TASK DESCRIPTION: Each line in the material below, starting at the one that contains "暗行御史 第55章：【第二季】你没有过吗 第19页" and ending at the one that contains "선관위, 제21대 대통령 선거 예비 후보자 등록 시작", should be repeated exactly; the pictures should not.

DATA FOR THE TASK:

================================

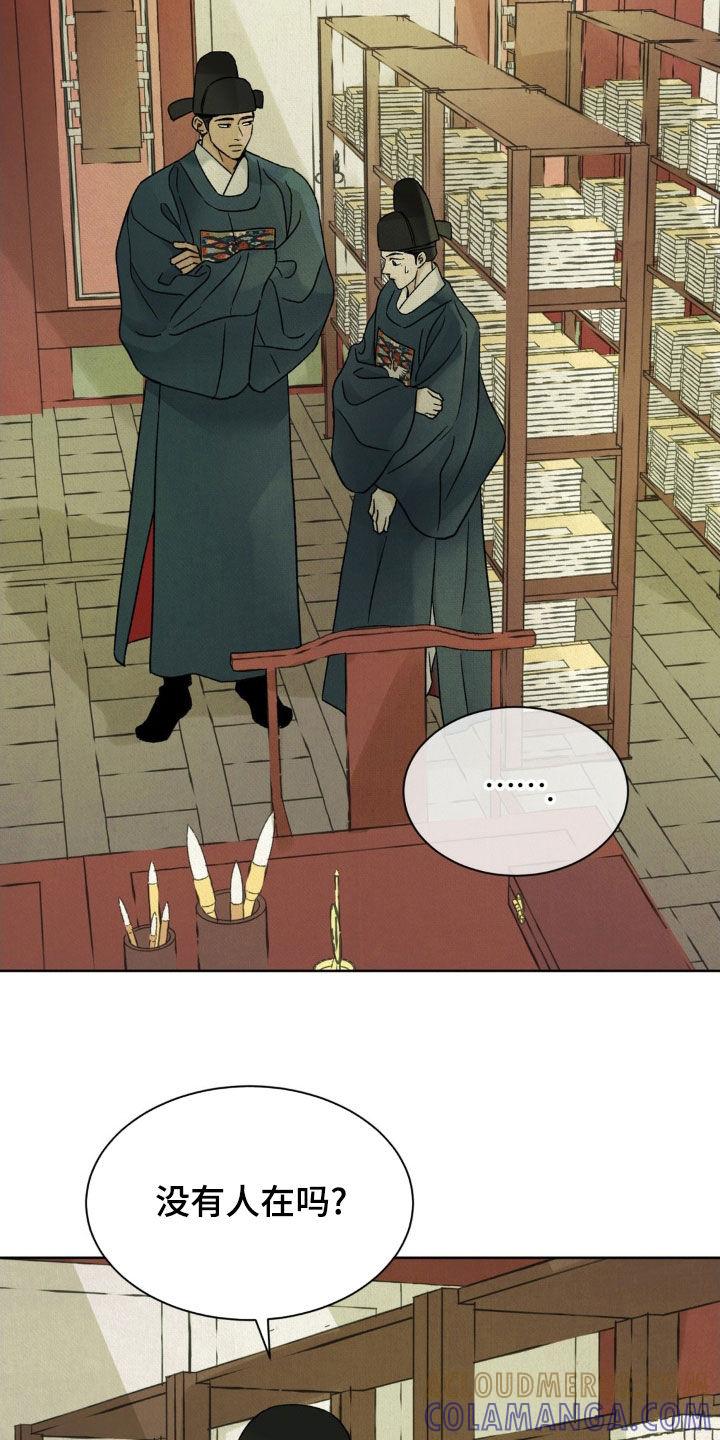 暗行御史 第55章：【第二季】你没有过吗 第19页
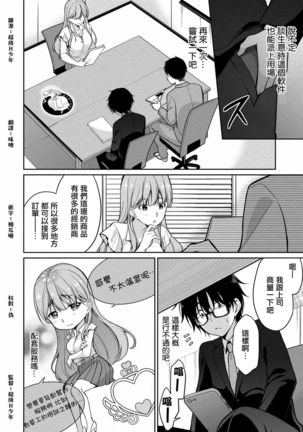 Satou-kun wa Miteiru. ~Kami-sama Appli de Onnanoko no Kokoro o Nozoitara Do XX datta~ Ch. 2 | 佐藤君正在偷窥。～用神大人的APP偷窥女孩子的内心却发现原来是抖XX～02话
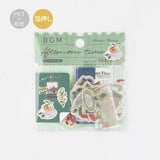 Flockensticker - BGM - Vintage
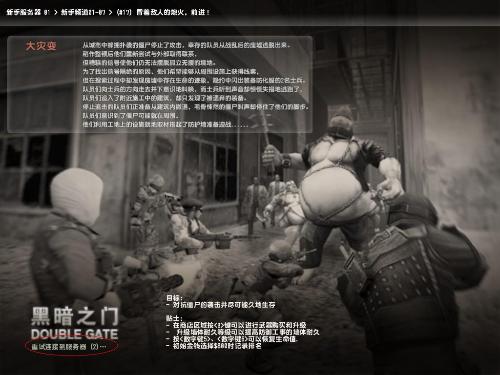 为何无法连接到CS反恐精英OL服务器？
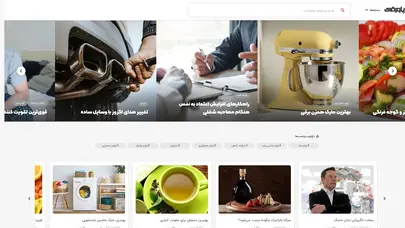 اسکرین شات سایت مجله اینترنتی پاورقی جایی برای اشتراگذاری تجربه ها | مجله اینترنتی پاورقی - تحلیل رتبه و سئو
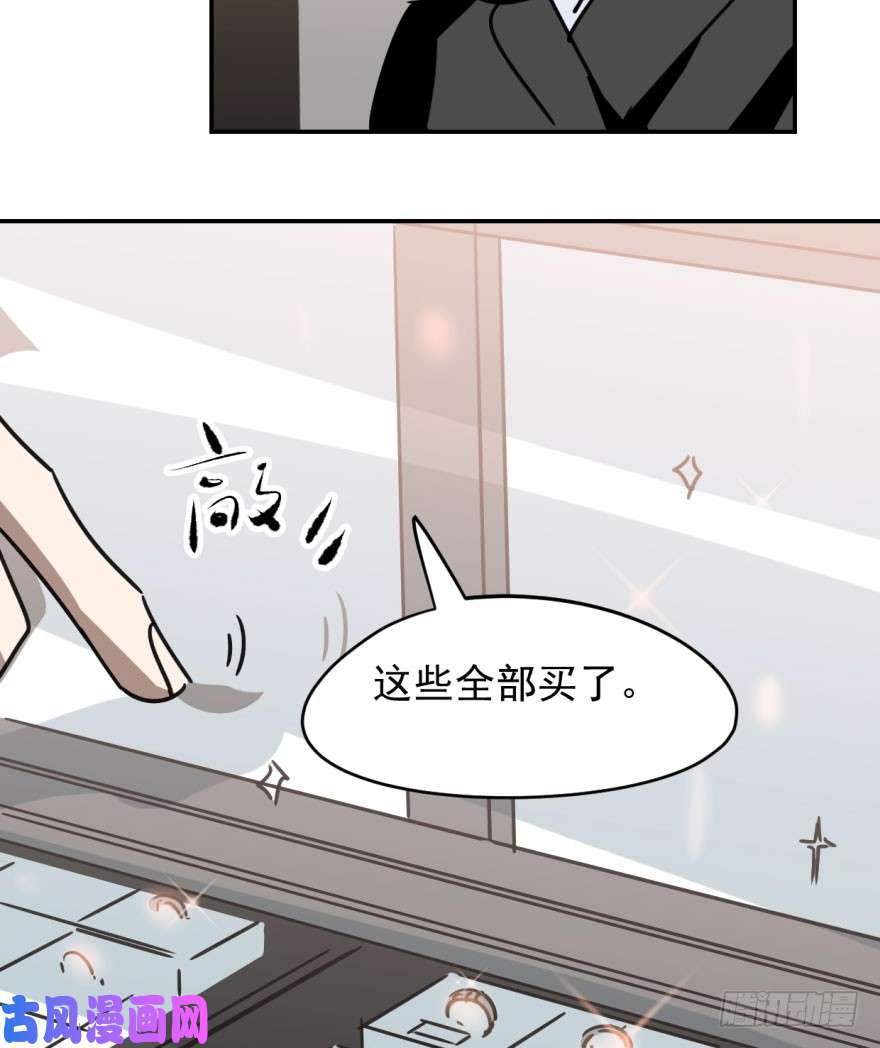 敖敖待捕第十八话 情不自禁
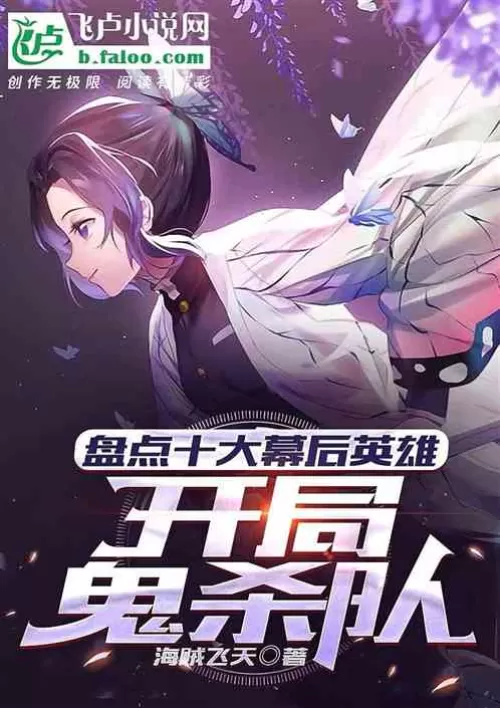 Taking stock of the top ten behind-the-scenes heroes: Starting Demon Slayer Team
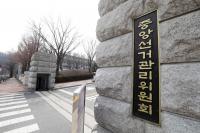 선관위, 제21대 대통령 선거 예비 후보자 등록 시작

================================

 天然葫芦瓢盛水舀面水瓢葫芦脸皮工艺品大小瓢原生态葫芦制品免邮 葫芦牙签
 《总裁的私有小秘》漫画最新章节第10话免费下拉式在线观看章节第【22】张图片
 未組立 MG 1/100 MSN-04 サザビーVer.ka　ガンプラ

================================

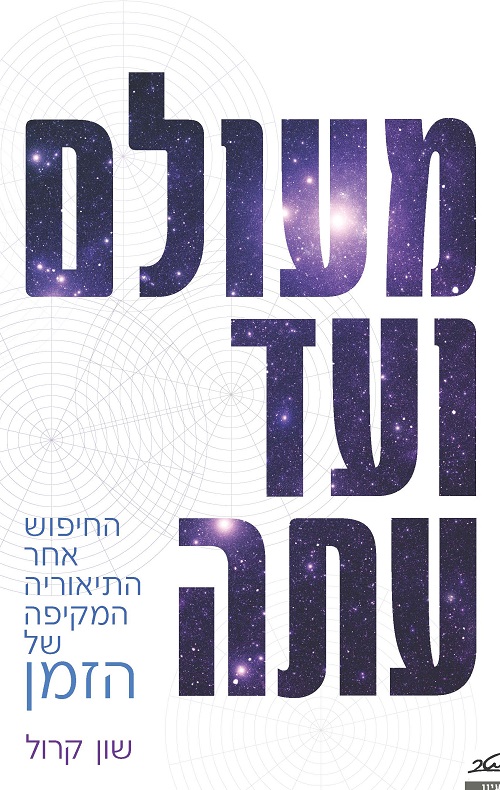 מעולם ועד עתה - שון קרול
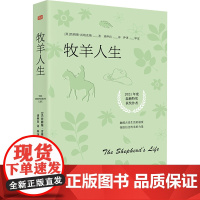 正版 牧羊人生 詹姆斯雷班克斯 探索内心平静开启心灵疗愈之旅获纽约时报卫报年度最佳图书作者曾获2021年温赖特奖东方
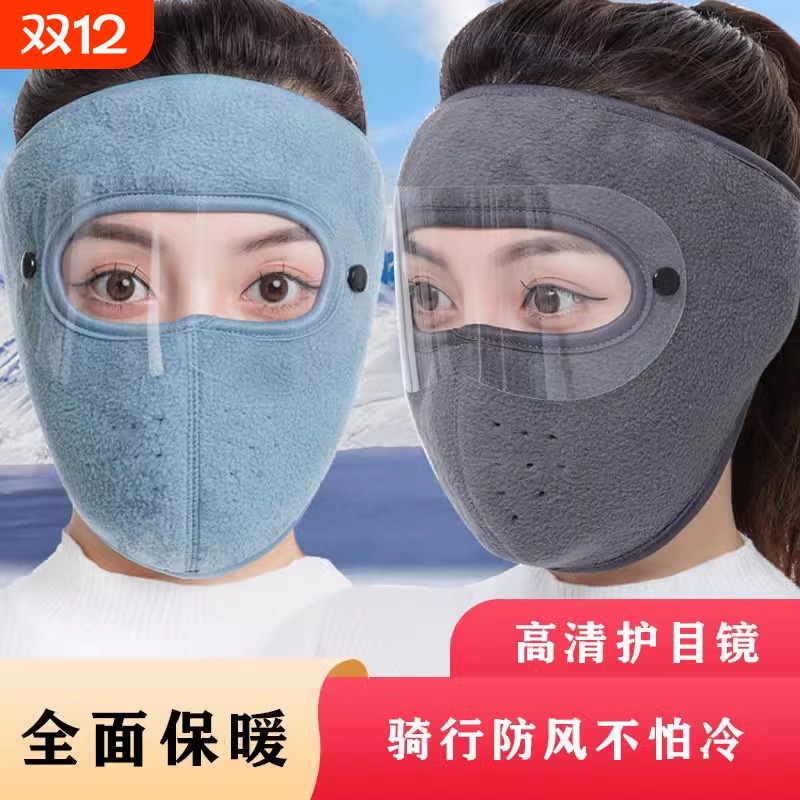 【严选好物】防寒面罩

================================

COMPLETED TASK:
 暗行御史 第55章：【第二季】你没有过吗 第19页
 Satou-kun wa Miteiru. ~Kami-sama Appli de Onnanoko no Kokoro o Nozoitara Do XX datta~ Ch. 2 | 佐藤君正在偷窥。～用神大人的APP偷窥女孩子的内心却发现原来是抖XX～02话
 Flockensticker - BGM - Vintage
 为何无法连接到CS反恐精英OL服务器？
 اسکرین شات سایت مجله اینترنتی پاورقی جایی برای اشتراگذاری تجربه ها | مجله اینترنتی پاورقی - تحلیل رتبه و سئو
 敖敖待捕第十八话 情不自禁
 Taking stock of the top ten behind-the-scenes heroes: Starting Demon Slayer Team
 선관위, 제21대 대통령 선거 예비 후보자 등록 시작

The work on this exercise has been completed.